Daarnaast zijn er helaas burgemeesters die gemeenteraden willen opleggen om niet meer over individuele gevallen te spreken. Waarom mag je als gemeenteraadslid niet gewoon een klacht van een inwoner meenemen waar je het als raadslid mee eens bent ? Dat is een inwoner van jouw gemeente, dat mag hem/haar niet overkomen. Daar heb je geen kadernota voor nodig. Als raadslid moet je die ervaring kunnen delen en de wethouder hierover kunnen bevragen. Burgemeesters : stop met die flauwekul !
Dit zijn redenen waardoor de kiezer het vertrouwen in de politiek verliest. Daarom denk ik dat de landelijke democratie wellicht beter zou functioneren met een aantal aanpassingen. De plaatselijke politiek kan hierbij het goede voorbeeld geven door bijvoorbeeld te gaan werken met raadsbrede programma’s en met gekozen wethouders!
Ook Geerten Waling schrijft in Elsevier dat er toekomst is voor zogeheten Ombudspolitiek. Hij stelt dat een brede groep kiezers snakt naar deze vorm van politiek bedrijven : het opkomen voor concrete rechten en belangen van burgers. De politicus als Ombudsman, aangesteld om lastige vragen te stellen en te wijzen op fouten in het systeem. Zulke politici staan naast de inwoners om hun zorgen te vertalen naar scherpe politieke interventies. Wie zegt dat er in de politiek geen cliëntelisme bestaat, die jokt. Als politicus zijn je stemmers je cliënten, daar hoor je voor door het vuur te gaan. Ook de Grondwet kent immers geen politieke partijen. Dus je bent alleen aan hen die op je hebben gestemd verantwoording schuldig. En zolang je jezelf niet verrijkt en opkomt voor cliënten, dus ook voor ondernemers, doe je voor je achterban wat je tijdens de verkiezingscampagne hebt beloofd !
Hoe op weg naar een echte professionele gemeente ?
Na het zeer moeizame voortraject van de ondemocratisch opgelegde herindeling Hoeksche Waard staat de nieuwe gemeente er wel, maar daarmee heb je dan ook alles gezegd. We hebben nog een lange weg te gaan om door te groeien naar een professionele gemeente.
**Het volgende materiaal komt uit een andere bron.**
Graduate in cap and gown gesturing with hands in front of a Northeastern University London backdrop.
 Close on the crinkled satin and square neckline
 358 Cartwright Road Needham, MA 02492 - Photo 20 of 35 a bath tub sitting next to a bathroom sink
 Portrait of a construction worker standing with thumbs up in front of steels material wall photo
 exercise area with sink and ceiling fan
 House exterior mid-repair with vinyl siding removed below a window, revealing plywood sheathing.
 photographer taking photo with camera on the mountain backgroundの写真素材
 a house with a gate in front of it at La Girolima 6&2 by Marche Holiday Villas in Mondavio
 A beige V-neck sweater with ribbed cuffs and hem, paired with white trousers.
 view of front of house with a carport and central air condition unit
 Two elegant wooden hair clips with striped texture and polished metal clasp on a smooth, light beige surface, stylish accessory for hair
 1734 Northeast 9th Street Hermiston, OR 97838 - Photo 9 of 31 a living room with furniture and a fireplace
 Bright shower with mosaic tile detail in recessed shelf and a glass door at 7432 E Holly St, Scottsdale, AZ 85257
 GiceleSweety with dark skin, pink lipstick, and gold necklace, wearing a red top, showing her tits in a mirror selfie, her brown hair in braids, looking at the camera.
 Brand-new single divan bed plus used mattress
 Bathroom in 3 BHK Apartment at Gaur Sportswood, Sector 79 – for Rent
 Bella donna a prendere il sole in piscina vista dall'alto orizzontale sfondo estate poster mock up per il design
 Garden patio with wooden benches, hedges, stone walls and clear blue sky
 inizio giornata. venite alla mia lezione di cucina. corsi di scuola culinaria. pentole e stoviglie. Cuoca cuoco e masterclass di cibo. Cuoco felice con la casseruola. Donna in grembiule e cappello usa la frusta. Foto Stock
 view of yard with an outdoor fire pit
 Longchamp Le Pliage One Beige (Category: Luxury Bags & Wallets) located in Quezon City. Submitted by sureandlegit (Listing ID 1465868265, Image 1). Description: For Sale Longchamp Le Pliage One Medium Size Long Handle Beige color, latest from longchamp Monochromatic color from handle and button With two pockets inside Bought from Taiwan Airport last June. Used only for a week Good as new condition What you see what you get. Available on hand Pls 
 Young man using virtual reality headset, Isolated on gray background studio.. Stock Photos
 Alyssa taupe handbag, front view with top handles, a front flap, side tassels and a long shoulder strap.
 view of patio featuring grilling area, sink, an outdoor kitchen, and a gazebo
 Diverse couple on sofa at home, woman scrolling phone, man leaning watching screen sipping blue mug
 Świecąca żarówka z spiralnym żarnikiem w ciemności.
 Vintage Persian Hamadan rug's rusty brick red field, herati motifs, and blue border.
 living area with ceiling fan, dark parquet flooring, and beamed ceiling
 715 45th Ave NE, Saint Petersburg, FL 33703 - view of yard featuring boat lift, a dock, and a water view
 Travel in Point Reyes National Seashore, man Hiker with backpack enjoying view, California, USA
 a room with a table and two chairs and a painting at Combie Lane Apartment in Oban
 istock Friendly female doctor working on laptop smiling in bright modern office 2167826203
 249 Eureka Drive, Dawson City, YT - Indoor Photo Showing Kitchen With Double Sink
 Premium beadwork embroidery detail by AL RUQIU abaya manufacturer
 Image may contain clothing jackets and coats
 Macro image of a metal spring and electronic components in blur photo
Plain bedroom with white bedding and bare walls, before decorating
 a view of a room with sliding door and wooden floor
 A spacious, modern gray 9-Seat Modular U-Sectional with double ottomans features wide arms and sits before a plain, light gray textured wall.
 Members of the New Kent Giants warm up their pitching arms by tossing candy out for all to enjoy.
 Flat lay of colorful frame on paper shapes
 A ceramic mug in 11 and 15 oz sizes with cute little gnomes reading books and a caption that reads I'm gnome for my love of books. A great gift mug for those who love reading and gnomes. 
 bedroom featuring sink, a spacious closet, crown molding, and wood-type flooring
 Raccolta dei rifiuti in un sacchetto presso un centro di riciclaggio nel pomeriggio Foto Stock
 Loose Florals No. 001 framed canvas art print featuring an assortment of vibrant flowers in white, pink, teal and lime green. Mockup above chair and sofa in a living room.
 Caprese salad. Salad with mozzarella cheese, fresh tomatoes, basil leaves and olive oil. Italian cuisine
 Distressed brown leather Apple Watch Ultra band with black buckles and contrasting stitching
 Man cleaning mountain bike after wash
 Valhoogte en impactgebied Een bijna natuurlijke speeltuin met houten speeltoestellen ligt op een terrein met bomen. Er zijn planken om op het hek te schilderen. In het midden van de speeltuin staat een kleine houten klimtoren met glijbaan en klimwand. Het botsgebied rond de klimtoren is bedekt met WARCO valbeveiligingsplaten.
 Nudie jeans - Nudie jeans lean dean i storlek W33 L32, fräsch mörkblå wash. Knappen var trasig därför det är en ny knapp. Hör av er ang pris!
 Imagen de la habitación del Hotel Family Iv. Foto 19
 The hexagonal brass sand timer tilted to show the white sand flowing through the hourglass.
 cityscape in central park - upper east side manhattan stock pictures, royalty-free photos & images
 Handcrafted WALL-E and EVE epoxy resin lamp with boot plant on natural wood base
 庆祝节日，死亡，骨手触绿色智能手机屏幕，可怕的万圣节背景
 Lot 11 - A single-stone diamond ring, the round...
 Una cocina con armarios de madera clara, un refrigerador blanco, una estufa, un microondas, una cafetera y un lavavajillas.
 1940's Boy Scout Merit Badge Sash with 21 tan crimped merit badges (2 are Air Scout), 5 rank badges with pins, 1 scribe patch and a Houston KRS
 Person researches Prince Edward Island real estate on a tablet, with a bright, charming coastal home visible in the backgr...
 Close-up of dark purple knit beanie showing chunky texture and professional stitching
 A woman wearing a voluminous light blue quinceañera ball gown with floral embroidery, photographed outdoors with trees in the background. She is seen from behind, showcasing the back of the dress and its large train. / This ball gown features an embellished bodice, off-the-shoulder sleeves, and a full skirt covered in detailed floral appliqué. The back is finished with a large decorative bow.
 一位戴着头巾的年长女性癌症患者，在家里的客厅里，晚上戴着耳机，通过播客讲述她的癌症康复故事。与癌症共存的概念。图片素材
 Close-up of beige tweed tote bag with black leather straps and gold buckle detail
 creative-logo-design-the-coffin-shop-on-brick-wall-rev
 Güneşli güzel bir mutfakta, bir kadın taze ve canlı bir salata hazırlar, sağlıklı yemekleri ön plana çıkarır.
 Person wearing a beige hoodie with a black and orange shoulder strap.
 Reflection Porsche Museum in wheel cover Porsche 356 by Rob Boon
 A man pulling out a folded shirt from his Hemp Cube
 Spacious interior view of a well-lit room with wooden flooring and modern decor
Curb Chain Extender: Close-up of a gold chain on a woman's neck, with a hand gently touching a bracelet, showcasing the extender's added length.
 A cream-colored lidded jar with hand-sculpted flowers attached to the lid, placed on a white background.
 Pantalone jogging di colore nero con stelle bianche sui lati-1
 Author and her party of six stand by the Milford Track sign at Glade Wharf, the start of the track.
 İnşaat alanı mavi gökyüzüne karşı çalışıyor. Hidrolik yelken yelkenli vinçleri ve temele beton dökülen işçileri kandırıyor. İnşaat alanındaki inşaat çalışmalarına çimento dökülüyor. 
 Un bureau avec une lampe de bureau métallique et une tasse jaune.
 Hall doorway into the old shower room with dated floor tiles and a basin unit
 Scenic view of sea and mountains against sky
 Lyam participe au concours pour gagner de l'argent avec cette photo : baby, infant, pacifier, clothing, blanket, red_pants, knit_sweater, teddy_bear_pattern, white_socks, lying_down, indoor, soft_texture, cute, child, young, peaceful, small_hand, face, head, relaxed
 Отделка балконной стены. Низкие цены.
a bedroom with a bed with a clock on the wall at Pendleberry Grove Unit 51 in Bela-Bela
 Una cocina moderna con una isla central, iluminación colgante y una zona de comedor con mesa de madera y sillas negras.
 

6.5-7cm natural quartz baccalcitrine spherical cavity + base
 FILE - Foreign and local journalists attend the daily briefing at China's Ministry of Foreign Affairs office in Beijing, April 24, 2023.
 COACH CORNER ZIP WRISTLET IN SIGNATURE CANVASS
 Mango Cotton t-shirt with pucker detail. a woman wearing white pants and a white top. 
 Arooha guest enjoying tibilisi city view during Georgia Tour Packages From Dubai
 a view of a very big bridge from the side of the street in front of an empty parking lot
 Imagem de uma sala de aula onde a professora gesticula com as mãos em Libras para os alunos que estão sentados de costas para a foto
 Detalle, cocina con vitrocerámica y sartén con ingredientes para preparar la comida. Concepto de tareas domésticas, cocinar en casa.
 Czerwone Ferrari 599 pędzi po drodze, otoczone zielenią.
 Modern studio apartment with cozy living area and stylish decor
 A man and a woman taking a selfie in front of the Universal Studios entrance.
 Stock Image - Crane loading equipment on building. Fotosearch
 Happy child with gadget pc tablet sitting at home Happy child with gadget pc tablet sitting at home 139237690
Het fundament voor een goed functionerende gemeente met een omvang van 88.000 inwoners moet natuurlijk een passend bestuursmodel zijn. En heeft de gemeente Hoeksche Waard een passend bestuursmodel? Kan een andere bestuursvorm meer betekenen voor de ontwikkeling van onze gemeente? Is iedereen bereid om de traditionele vorm te doorbreken? Iedere partij zal een eigen schatting kunnen maken over hoe de vlag erbij hangt. Het is de kunst om daar een gezamenlijke conclusie van te maken. Met maar één doel : het belang van inwoners, bedrijfsleven, verenigingsleven en maatschappelijke instellingen in de gemeente Hoeksche Waard te dienen en te optimaliseren.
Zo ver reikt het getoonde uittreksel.